К этой проблеме Сартр смог подступиться лишь в самом конце своего исследования «семьи образа». Он анализирует еще ряд случаев опосредованной данности объектов сознанию. Переходя к сигнификативным актам, французский исследователь пишет: «Но вот, казалось бы, феномен той же природы: я приближаюсь к тем жирным черным линиям, что начертаны на табличке, прибитой над вокзальной дверью. Эти черные линии внезапно утрачивают свои собственные размеры, цвет и местоположение: теперь они образуют слова: „Кабинет заместителя начальника станции“. Я читаю слова на табличке и знаю теперь, что должен сюда войти со своей просьбой; как говорится, я понял, „расшифровал“ эти слова». Совершенно ясно, где здесь аналог, материя, а где — интенциональный объект: «Материя знака совершенно безразлична к означаемому объекту.
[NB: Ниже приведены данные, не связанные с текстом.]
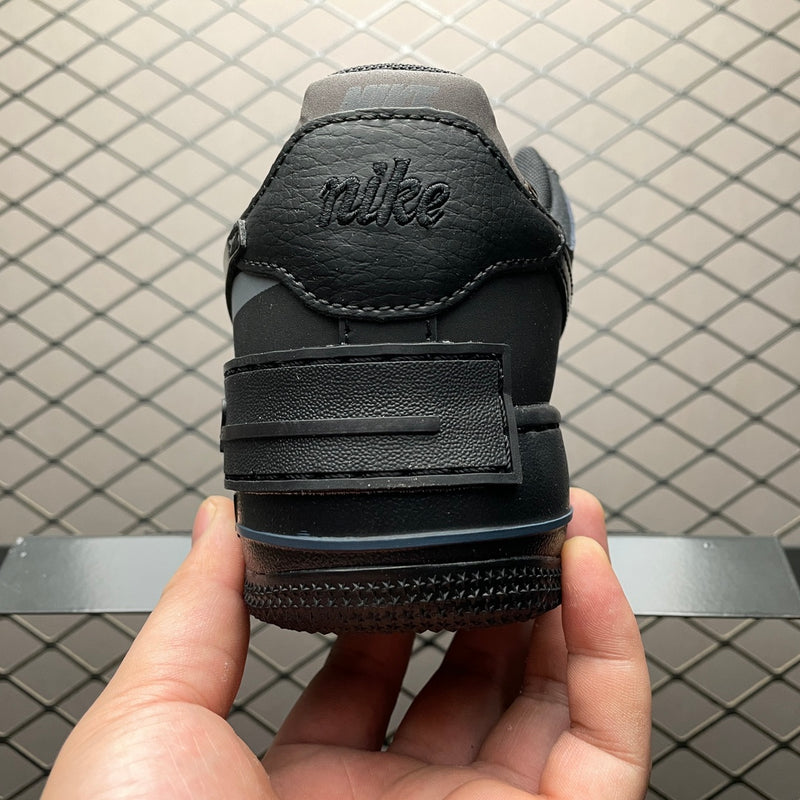 AIR FORCE 1  SHADOW 'TRIPLE BLACK' - FB7582-001   🇺🇸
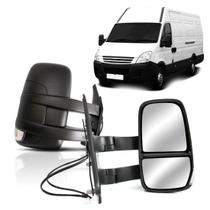 Retrovisor Iveco Daily 2008 a 2022 Fixo Longo C/ Pisca Lado Retrovisor Iveco Daily 2008 a 2022 Fixo Longo C/ Pisca Lado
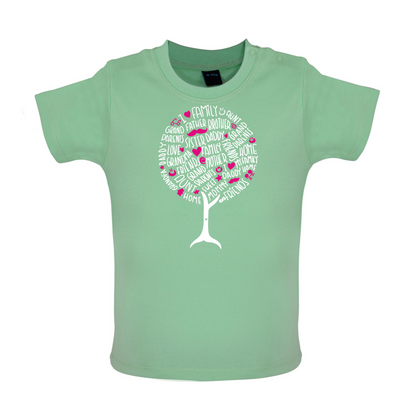 Family Tree  Baby T Shirt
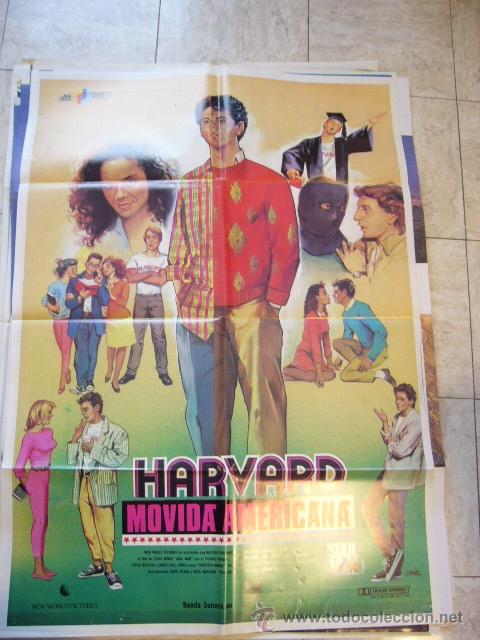 Cin&eacute;ma: CARTEL DE CINE- MOVIE POSTER. HARVARD MOVIDA AMERICANA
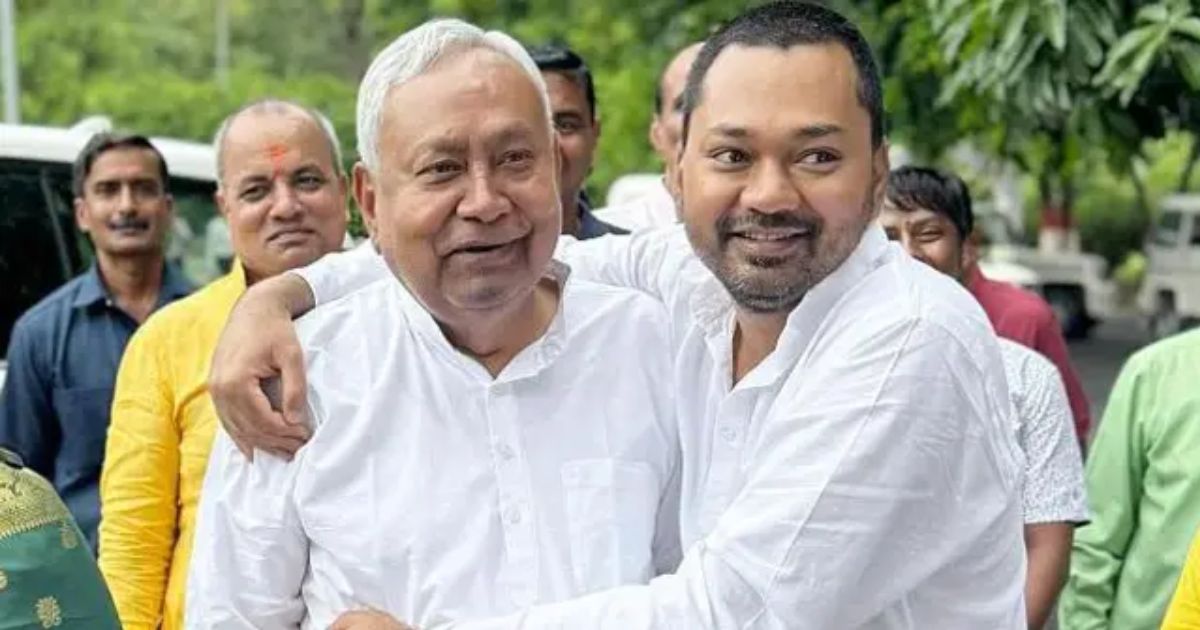नीतीश कुमार के बेटे निशांत कुमार को मिला पूर्व उपमुख्यमंत्री का सरकारी बंगला, बिहार की राजनीति में चर्चा तेज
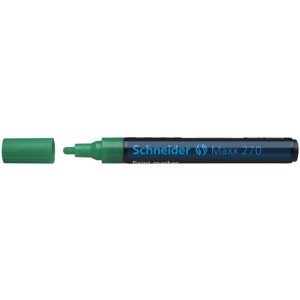 Lakkmarker, 1-3 mm, SCHNEIDER "Maxx 270", zöld
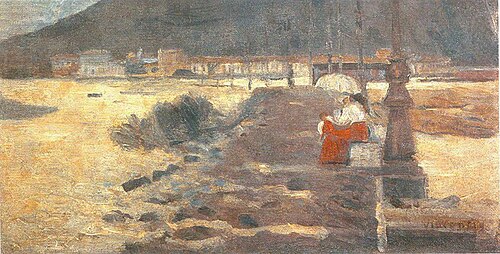 Tarde em Copacabana, 1910, Eliseu Visconti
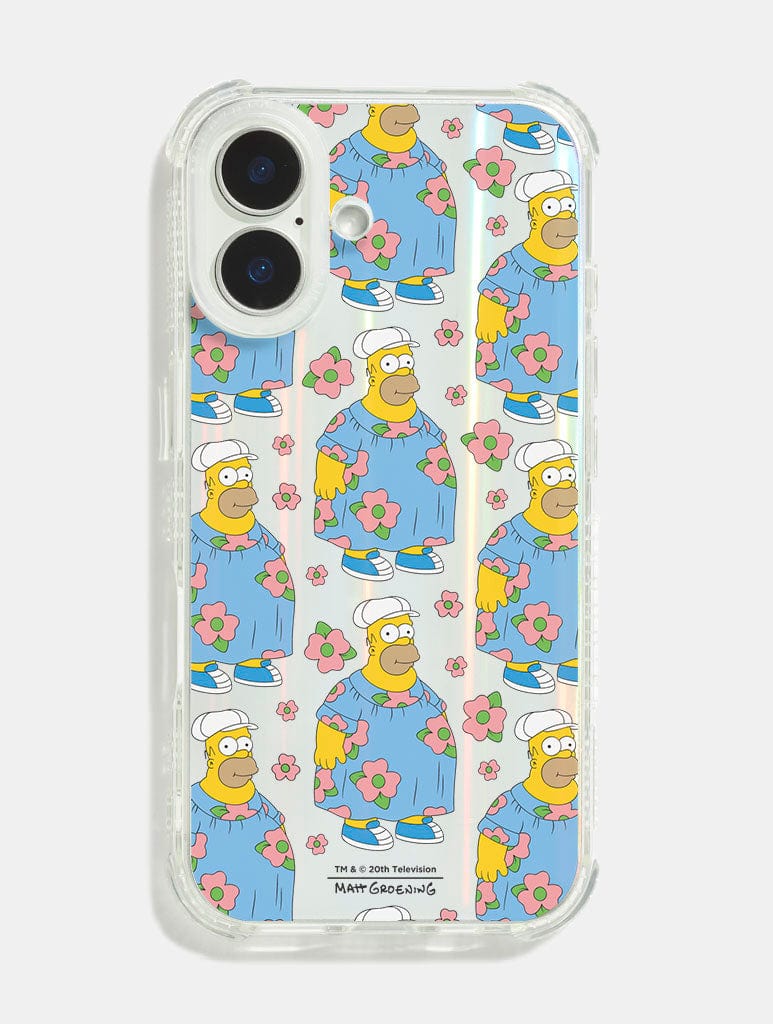 The Simpsons Homer Muumuu Shock iPhone Case Phone Cases Skinnydip London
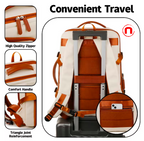 WEIXIER Airline Certified Expandable Cabin Suitcase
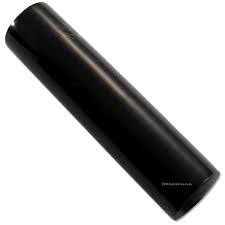 Varillas Redondas Negras Pulimentadas de Material Orgánico para Decoración del Hogar, Artesanías Naturales Duraderas, Rollo de Cuerno de Búfalo Natural - Product Image 6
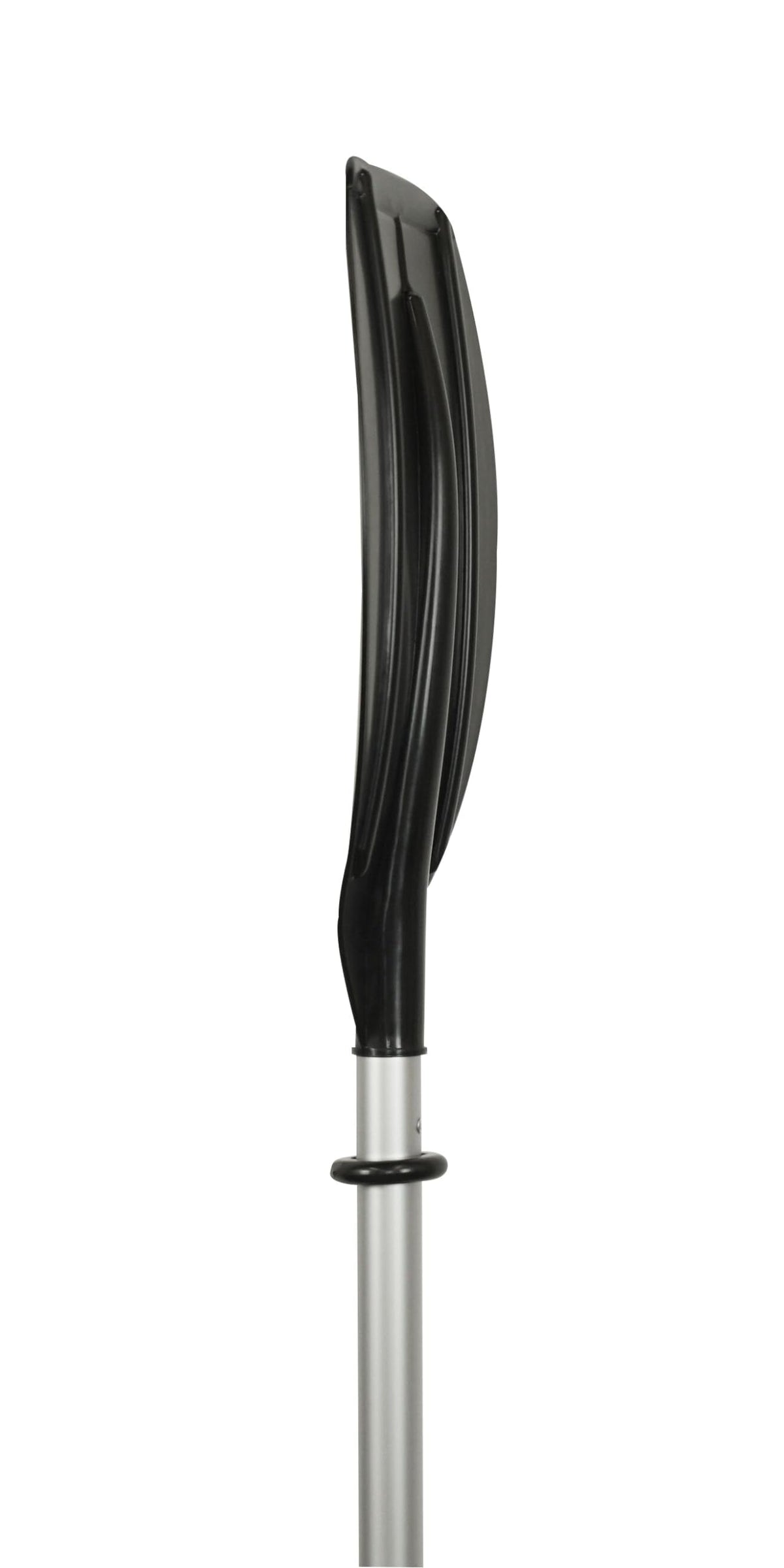Kid Kayak Paddle 2 Piece Aluminum Polypropylene 72 in Black F822404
Слово „кабинет“, эти черные линии на белом листе бумаги — и „кабинет“ как сложный объект, обладающий не только физическим, но и социальным смыслом, — никак не соотносятся друг с другом. Связь между ними возникает условно».
Говоря о том, чем отличается знак от картины, рисунка и т. п., Сартр целиком и полностью следует Гуссерлю. Он резюмирует: «Стало быть, Пьер дан на картине, хотя бы его здесь и не было. В знаке, напротив, его объект не дан. В знаке он конституируется пустой интенцией. Из этого следует, что сигнификативное сознание пустое по своей природе, может быть наполнено, не разрушаясь при этом. Я вижу Пьера, и кто-то говорит: „Это Пьер“; посредством синтетического акта я сопрягаю знак „Пьер“ с восприятием Пьера. Акт означивания выполнен». Именно так трактует Гуссерль в «Логических исследованиях» разницу между сигнификативными и интуитивными актами и то, как они друг с другом согласуются.